§ **Dataset excerpts**
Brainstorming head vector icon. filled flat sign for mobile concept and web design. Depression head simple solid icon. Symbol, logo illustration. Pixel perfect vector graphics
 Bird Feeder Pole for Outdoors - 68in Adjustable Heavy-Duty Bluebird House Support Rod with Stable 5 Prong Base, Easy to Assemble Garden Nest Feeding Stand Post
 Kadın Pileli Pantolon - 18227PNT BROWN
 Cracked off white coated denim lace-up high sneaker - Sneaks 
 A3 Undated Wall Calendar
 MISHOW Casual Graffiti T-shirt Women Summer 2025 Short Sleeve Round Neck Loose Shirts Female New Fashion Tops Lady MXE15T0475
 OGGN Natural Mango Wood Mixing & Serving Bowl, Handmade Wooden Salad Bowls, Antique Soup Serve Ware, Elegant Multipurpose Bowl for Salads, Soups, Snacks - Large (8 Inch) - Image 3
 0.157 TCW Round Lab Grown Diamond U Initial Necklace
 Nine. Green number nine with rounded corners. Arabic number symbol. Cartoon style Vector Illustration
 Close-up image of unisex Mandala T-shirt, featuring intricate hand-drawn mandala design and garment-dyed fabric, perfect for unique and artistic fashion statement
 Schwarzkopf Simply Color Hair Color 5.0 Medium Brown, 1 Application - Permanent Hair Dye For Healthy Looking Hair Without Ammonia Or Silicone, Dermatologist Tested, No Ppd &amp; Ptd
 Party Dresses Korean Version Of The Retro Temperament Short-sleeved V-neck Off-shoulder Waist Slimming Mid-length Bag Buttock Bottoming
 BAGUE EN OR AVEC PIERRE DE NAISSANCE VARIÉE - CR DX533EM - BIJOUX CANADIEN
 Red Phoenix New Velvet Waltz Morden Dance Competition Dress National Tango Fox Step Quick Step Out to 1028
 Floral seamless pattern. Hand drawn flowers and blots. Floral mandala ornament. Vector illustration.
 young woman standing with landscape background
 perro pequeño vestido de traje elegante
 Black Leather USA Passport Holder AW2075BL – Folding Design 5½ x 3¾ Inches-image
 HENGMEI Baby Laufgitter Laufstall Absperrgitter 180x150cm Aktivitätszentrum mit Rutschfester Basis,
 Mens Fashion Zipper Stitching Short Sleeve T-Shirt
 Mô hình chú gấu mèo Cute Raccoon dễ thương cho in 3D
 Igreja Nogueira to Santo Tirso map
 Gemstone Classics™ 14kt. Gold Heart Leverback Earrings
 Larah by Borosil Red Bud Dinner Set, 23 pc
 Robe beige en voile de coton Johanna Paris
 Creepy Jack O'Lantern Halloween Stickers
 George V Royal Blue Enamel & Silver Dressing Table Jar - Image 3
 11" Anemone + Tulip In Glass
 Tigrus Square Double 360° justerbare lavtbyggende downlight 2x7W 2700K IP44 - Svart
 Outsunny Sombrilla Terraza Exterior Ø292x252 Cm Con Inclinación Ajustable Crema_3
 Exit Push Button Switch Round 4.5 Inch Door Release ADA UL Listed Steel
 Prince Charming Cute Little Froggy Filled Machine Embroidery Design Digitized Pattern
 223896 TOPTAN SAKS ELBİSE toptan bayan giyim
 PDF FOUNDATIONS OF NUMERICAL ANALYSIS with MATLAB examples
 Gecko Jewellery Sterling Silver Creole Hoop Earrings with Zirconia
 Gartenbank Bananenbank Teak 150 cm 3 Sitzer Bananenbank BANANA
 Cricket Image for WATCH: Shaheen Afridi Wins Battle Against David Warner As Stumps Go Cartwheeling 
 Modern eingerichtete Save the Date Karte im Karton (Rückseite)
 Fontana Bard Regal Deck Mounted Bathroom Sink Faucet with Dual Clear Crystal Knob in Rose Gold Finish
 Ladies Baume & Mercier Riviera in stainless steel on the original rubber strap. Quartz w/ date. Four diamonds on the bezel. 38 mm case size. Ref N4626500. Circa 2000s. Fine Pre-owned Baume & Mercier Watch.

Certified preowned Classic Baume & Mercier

§ **What you need to do**
What the answer needs is every line from the data above with "Silver" in it.

§ **Response for this exercise**
 George V Royal Blue Enamel & Silver Dressing Table Jar - Image 3
 Gecko Jewellery Sterling Silver Creole Hoop Earrings with Zirconia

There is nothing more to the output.